(Excerpted data begins)

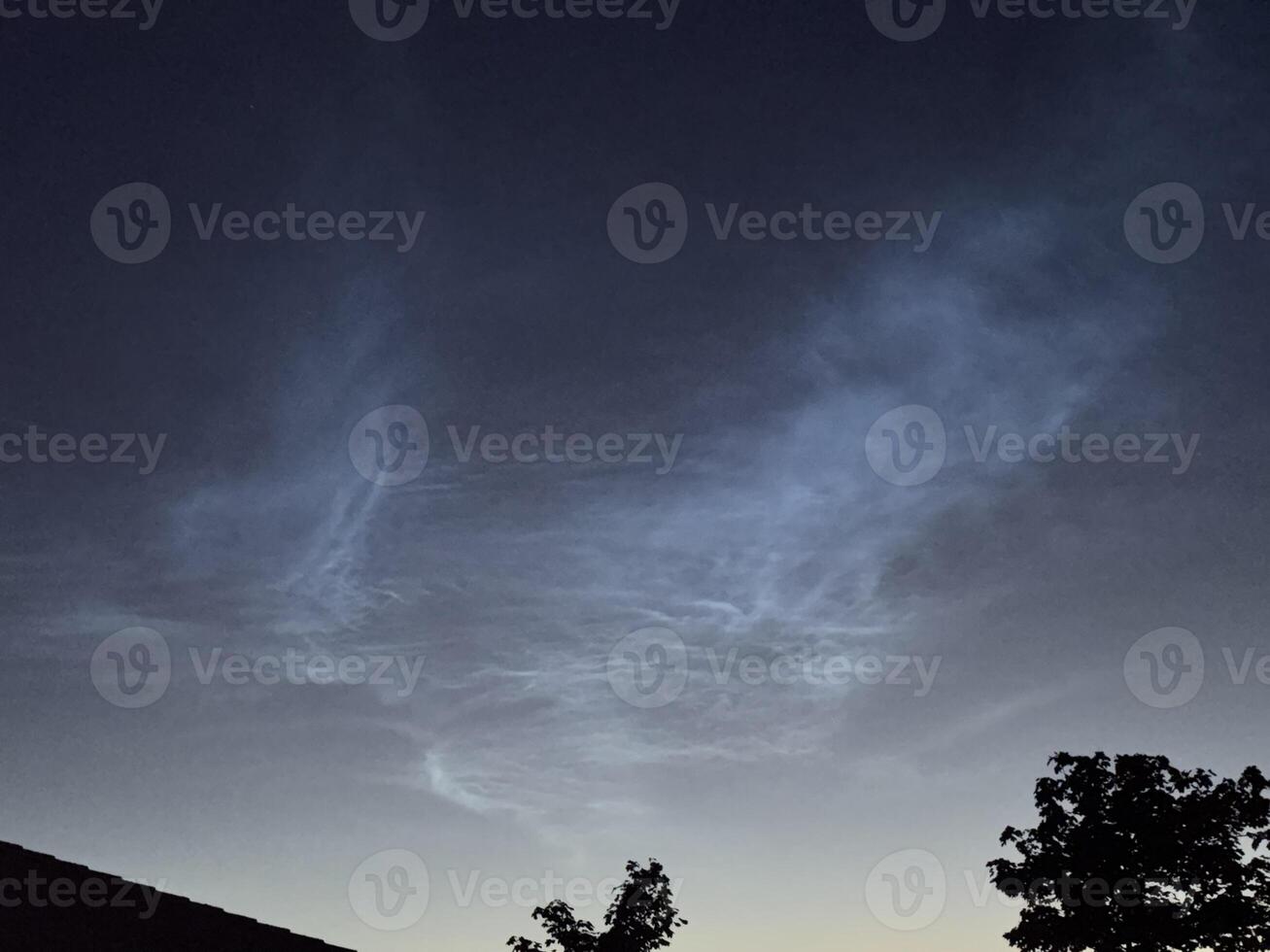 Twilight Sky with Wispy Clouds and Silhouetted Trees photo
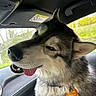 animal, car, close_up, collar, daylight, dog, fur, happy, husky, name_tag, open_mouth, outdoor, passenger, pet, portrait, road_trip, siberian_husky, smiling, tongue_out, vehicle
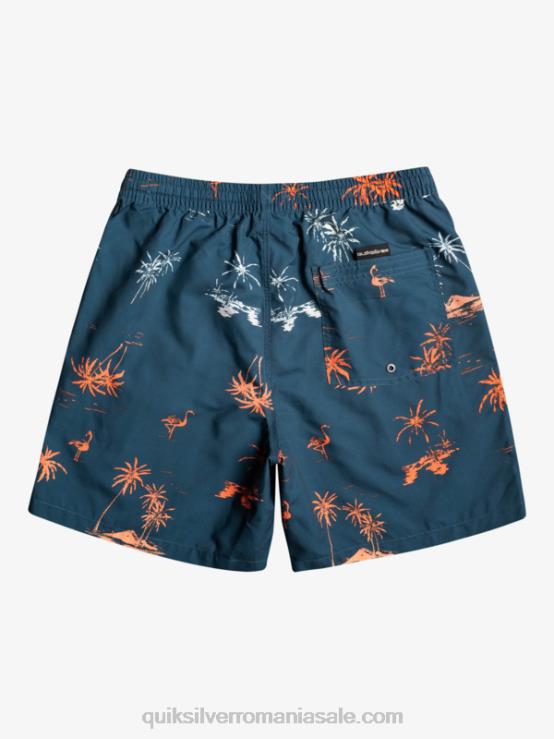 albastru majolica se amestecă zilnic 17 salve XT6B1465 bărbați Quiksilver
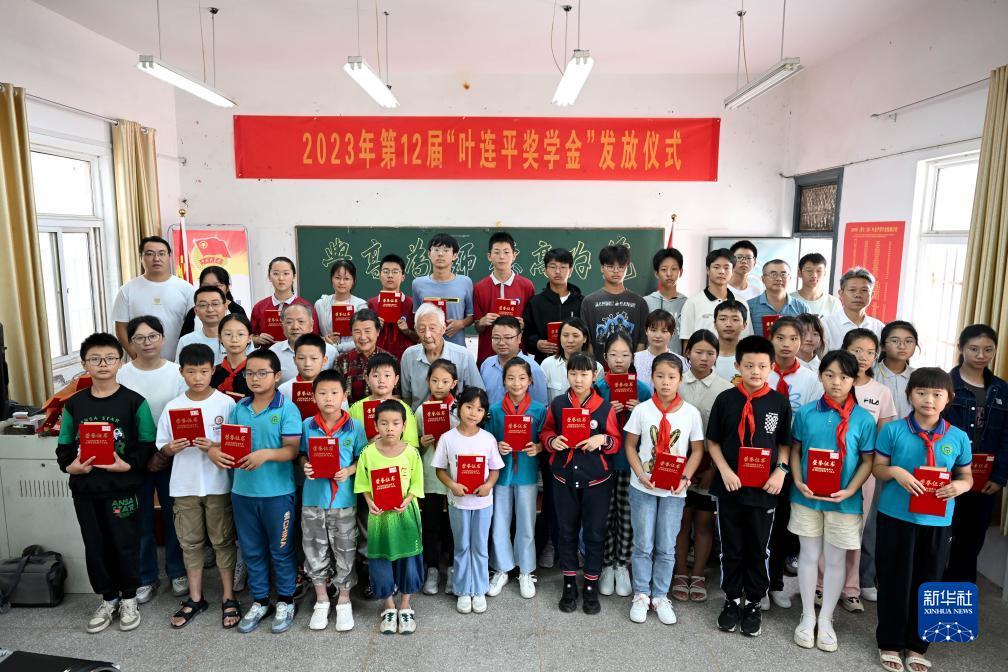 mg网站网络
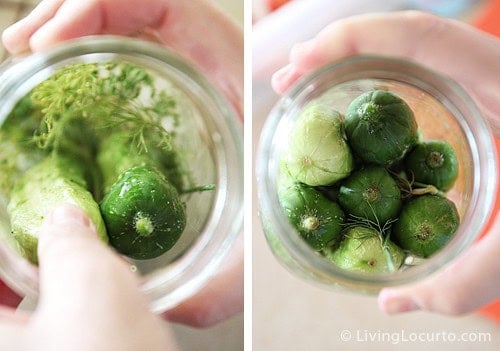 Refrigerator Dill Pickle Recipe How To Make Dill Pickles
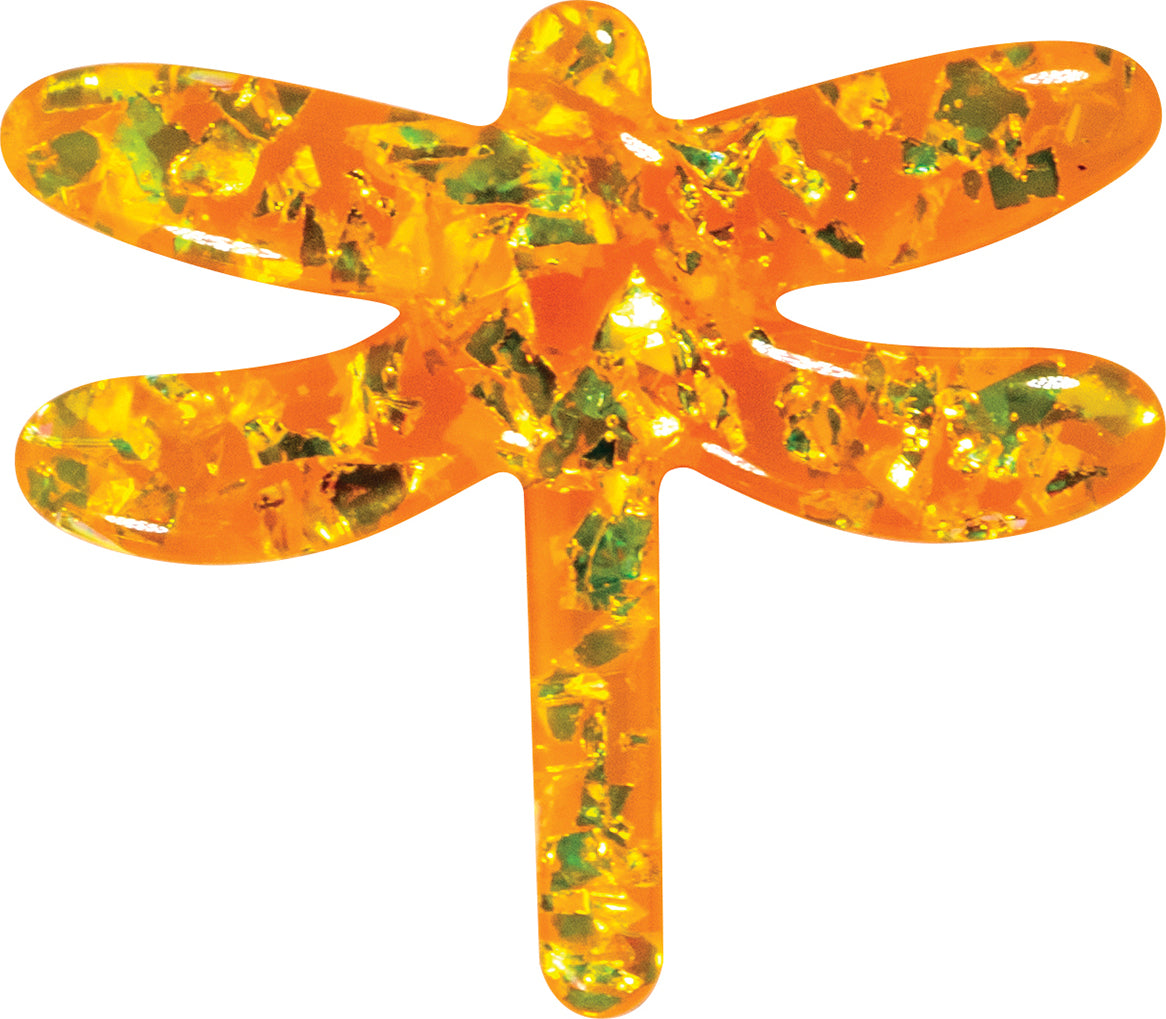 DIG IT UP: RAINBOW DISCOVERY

(Excerpted data ends)
(Excerpted data begins)

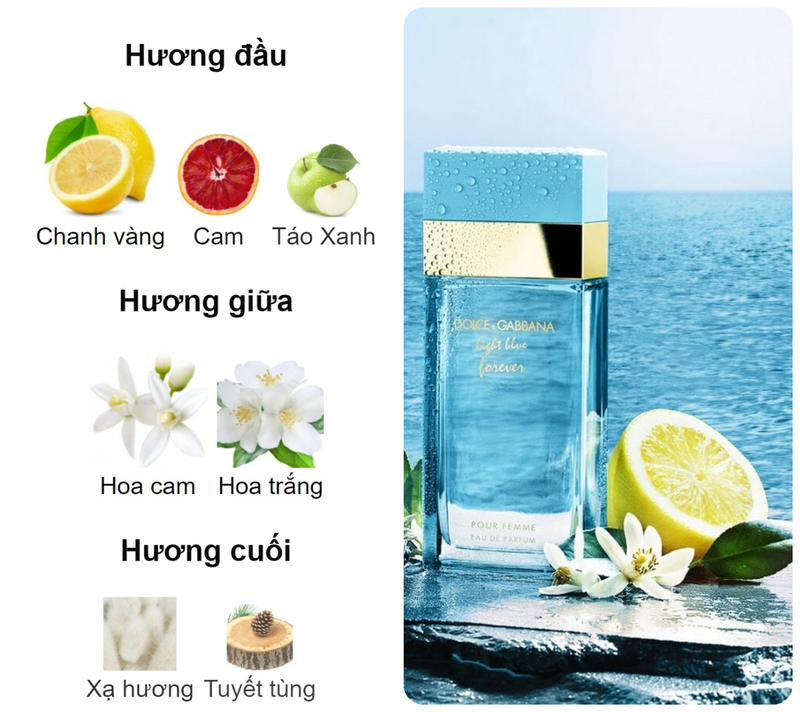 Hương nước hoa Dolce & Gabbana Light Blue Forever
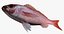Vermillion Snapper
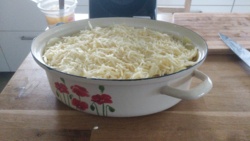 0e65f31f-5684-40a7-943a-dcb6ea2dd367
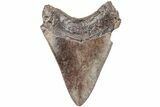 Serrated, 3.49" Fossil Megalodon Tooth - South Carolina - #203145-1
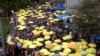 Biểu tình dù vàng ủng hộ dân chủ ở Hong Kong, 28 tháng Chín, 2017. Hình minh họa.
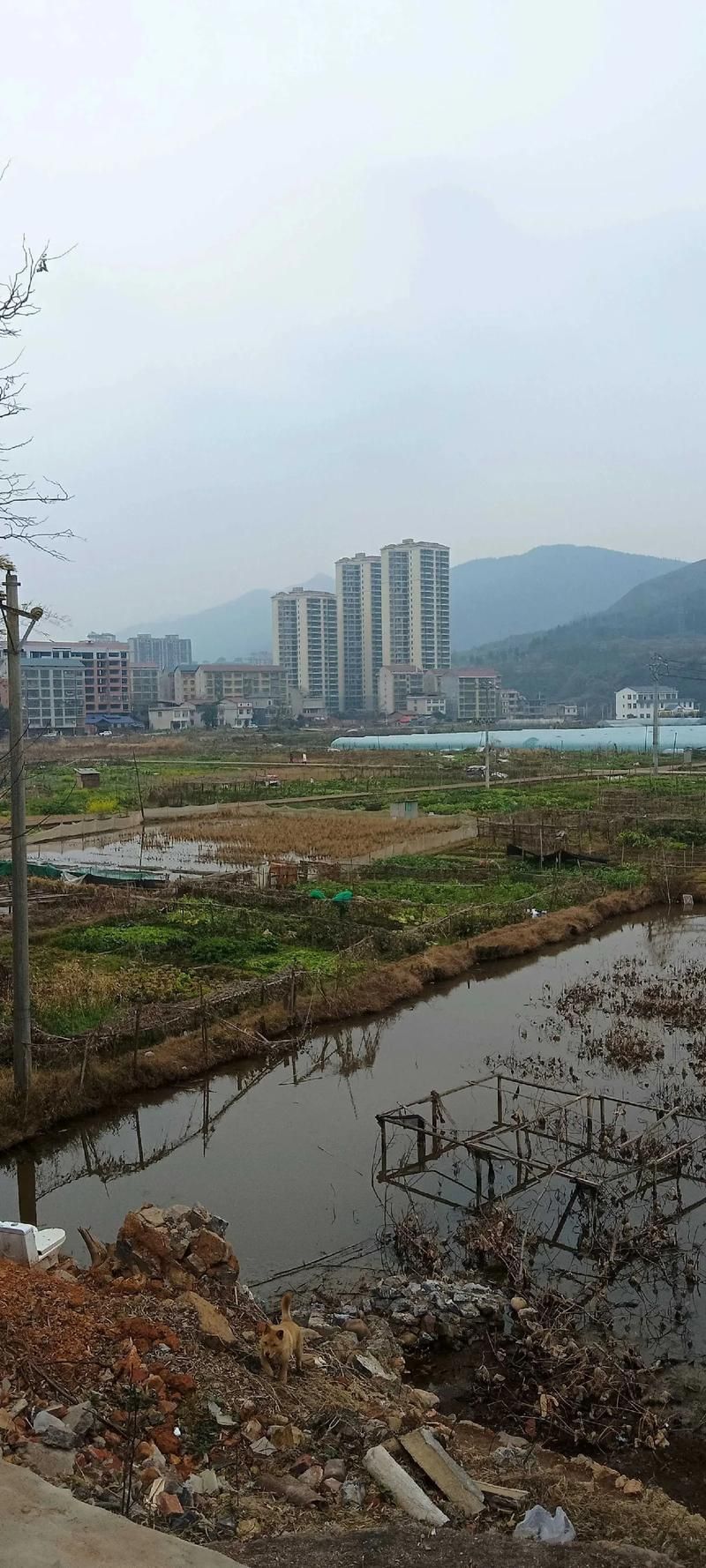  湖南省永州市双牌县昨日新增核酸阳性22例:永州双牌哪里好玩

(Excerpted data ends)
(Excerpted data begins)

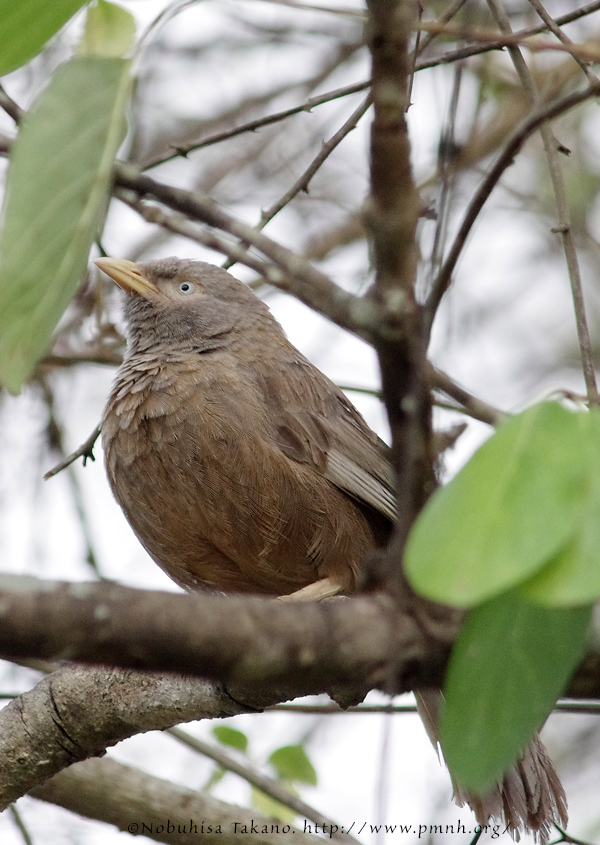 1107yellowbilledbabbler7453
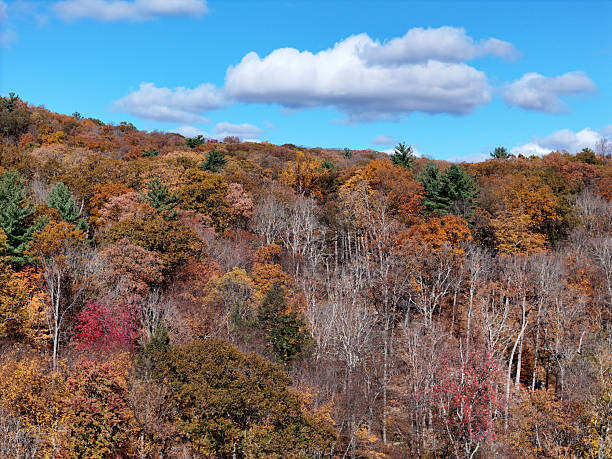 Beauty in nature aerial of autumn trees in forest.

(Excerpted data ends)

→ **Work task**
Range to copy from the listing above: the line containing "Twilight Sky with" down to the line containing "DIG IT UP: RAINBOW DISCOVERY", both included. Reproduce it exactly, minus the pictures, and add nothing.

→ **Solution for this exercise**
 Twilight Sky with Wispy Clouds and Silhouetted Trees photo
 animal, car, close_up, collar, daylight, dog, fur, happy, husky, name_tag, open_mouth, outdoor, passenger, pet, portrait, road_trip, siberian_husky, smiling, tongue_out, vehicle
 albastru majolica se amestecă zilnic 17 salve XT6B1465 bărbați Quiksilver
 mg网站网络
 Refrigerator Dill Pickle Recipe How To Make Dill Pickles
 DIG IT UP: RAINBOW DISCOVERY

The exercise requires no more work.